Buying or selling of investments involving conflict of interest
At present, the requirement for investors’ approval is only in instances where AIF invests in associates or another scheme of the same manager.
Approval of 75% of the investors by value of their investment in the scheme of AIF shall be required to buy or sell investments, from or to -
(a) associates; or
(b) schemes of AIFs managed or sponsored by its Manager, Sponsor or associates of its Manager or Sponsor; or
(c) an investor who has committed to invest at least 50% of the corpus of the scheme of AIF.
Appointment of compliance officer
The Manager shall appoint a Compliance Officer who shall be responsible for monitoring compliance with the provisions of the SEBI rules and regulations, and who shall also satisfy the eligibility criteria as may be specified by SEBI from time to time.
The Compliance Officer shall immediately and independently report to the Board any non-compliance observed by him, as soon as possible but not later than 7 working days from the date of observing such non-compliance.
Valuation and appointment of independent valuer
At present, only Category I and II AIFs are required to appoint an independent valuer. The AIFs are required to provide to its investors, a description of its valuation procedure and of the methodology for valuing assets.

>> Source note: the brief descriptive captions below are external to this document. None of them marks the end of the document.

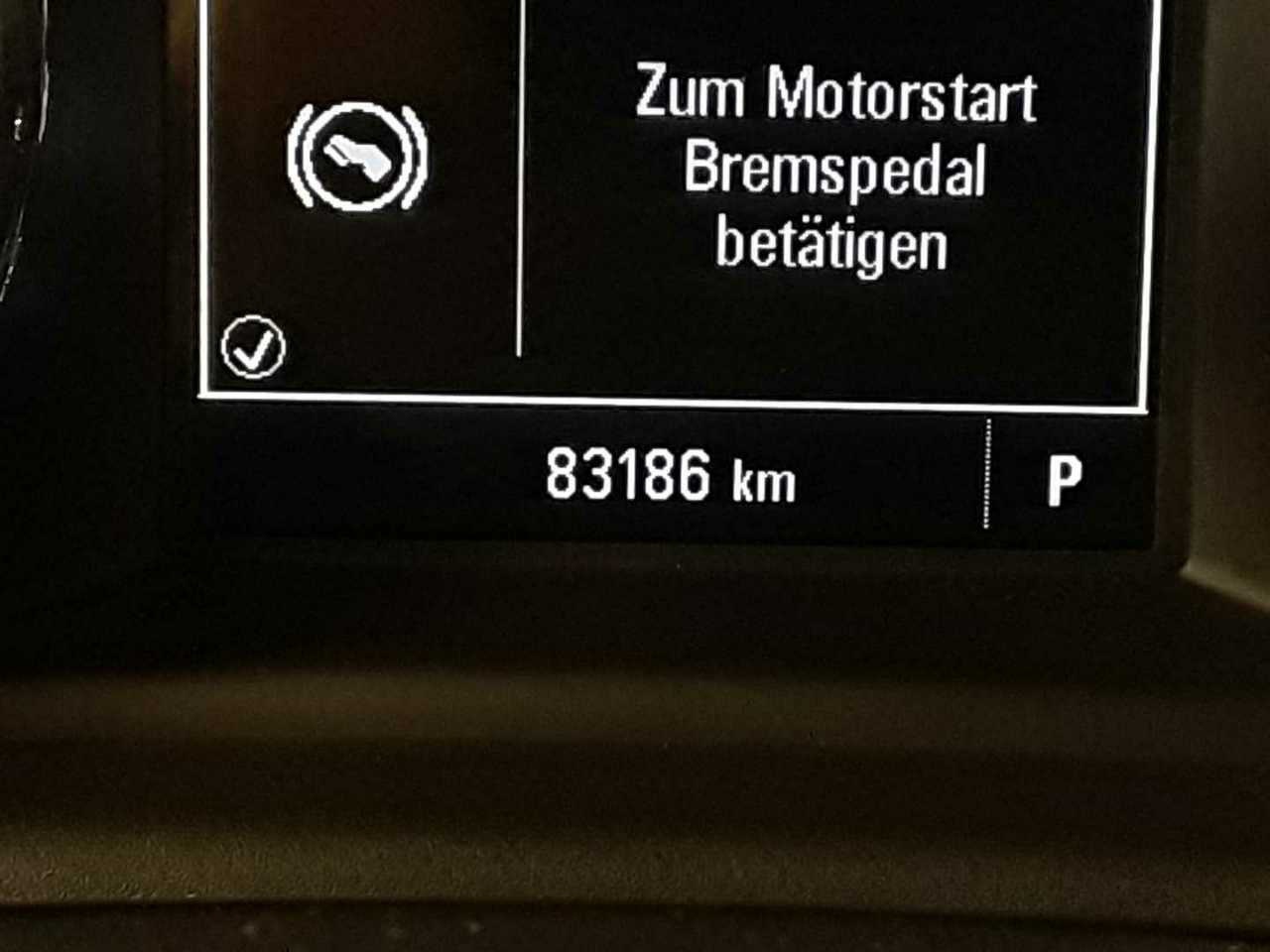 Opel Astra ST 1.5 D Elegance NAVI LED AHK 8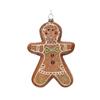 KAEMINGK GINGERBREAD DECORATION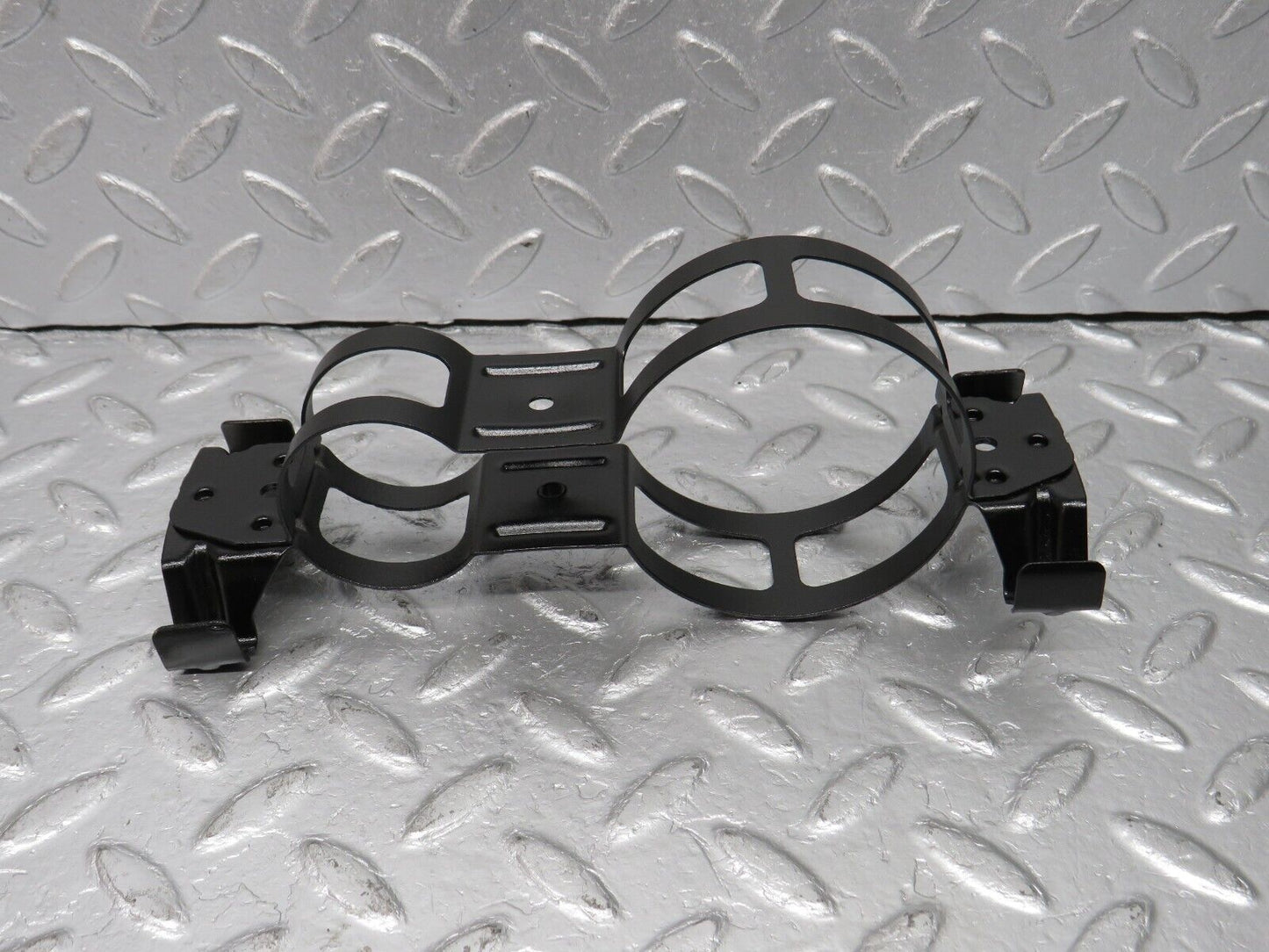 39574 Mercedes-Benz R129 320SL Coupe Fuel Pump Fuel Filter Holder Bracket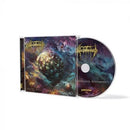 Phlebotomized "PHLEBOTOMIZED - Pain, Resistance, Suffering / CD" CD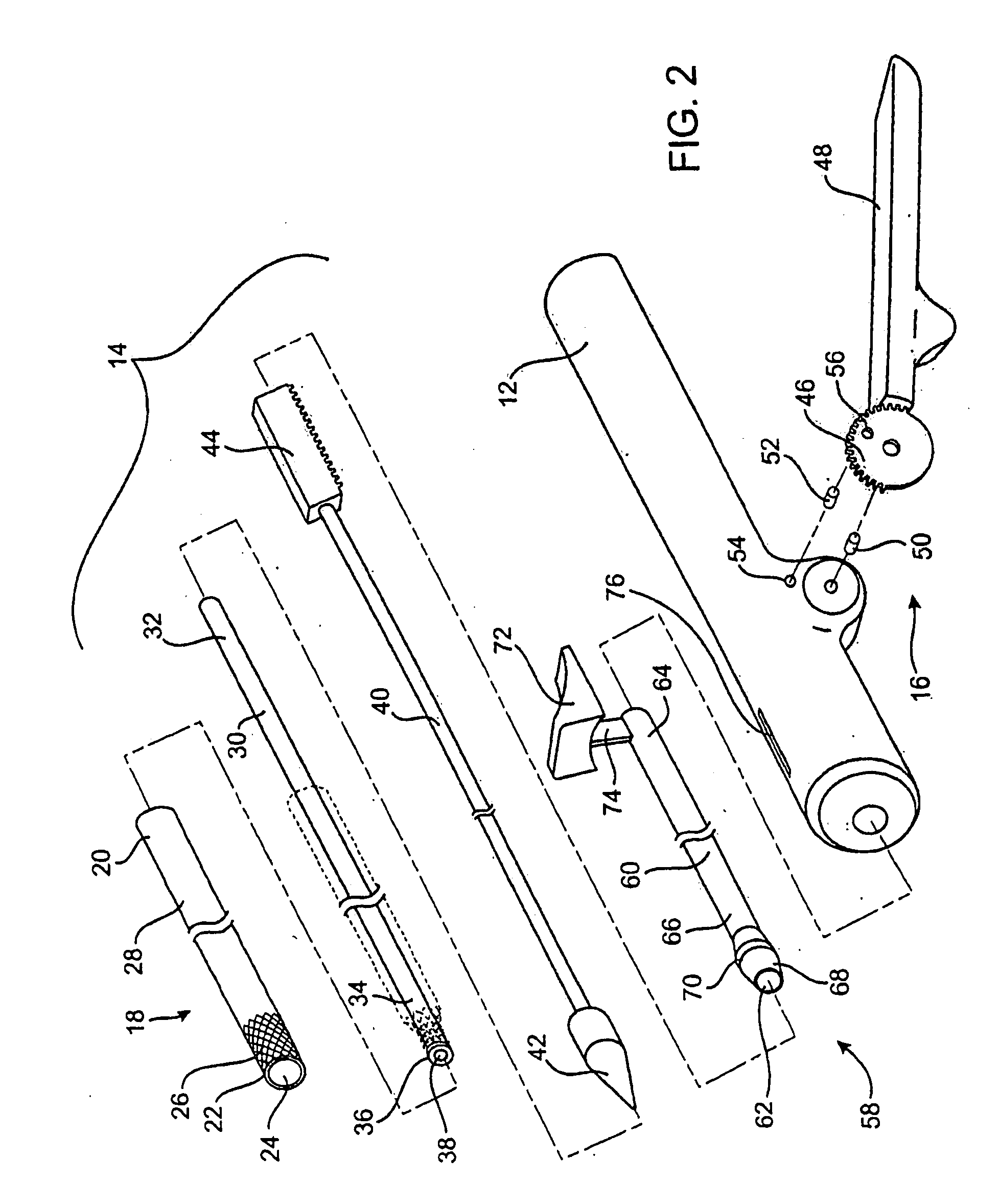 Methods and Devices for Placing a Conduit in Fluid Communication with a Target Vessel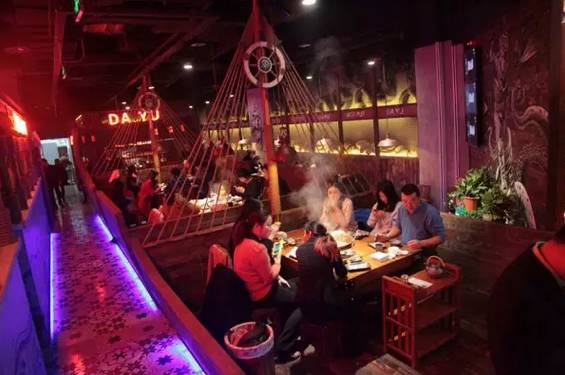 2015年度16家最该被强烈谴责的餐饮店,花园饼屋奶酪包超赞(图5) 古代美食店铺名称大全_美食古代_古代美食店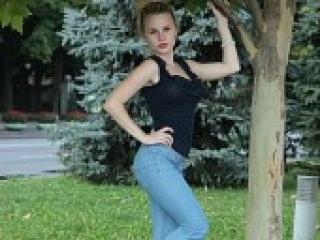 Erotisk videochatt francescasi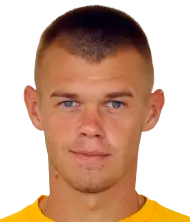 Arsen Slotyuk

It shall be the responsibility of the Manager to ensure that the AIFs shall appoint an independent valuer and shall ensure that the valuation of its investments is carried out in the manner specified by SEBI from time to time and provide to its investors, a description of its valuation procedure and of the methodology for valuing assets.
Category III AIFs shall undertake valuation of their investment in unlisted securities and listed debt securities by an independent valuer.
The Manager shall be responsible for true and fair valuation of the investments of the scheme of the AIFs.
In case the established policies and procedures of valuation do not result in fair and appropriate valuation, the Manager shall deviate from the established policies and procedures in order to value the assets or securities at a fair value and document the rationale for such deviation.
Such deviation and its rationale shall be reported to the trustee or the trustee company or the Board of Directors or designated partners of the AIF and investors of the AIF.
Distribution of unliquidated investments
At present, AIFs can make in-specie distribution to its investors, if required, during the liquidation stage, after obtaining approval of at least 75% of the investors by value of their investment in the AIF.
An AIF may distribute investments of a scheme which are not sold due to lack of liquidity, in-specie to the investors or sell such investments to a liquidation scheme, after obtaining approval of at least 75% of the investors by value of their investment in the scheme of the AIF, in the manner and subject to conditions specified by SEBI from time to time.
Liquidation Scheme means a close ended scheme launched by an AIF only for the purpose of liquidating the unliquidated investments purchased from its scheme, whose tenure has expired. The tenure of liquidation scheme of the AIF shall be determined at the time of filing of placement memorandum with SEBI and shall not be extended. The liquidation scheme of the AIF shall not accept any fresh commitment from any investor and shall not make any new investment.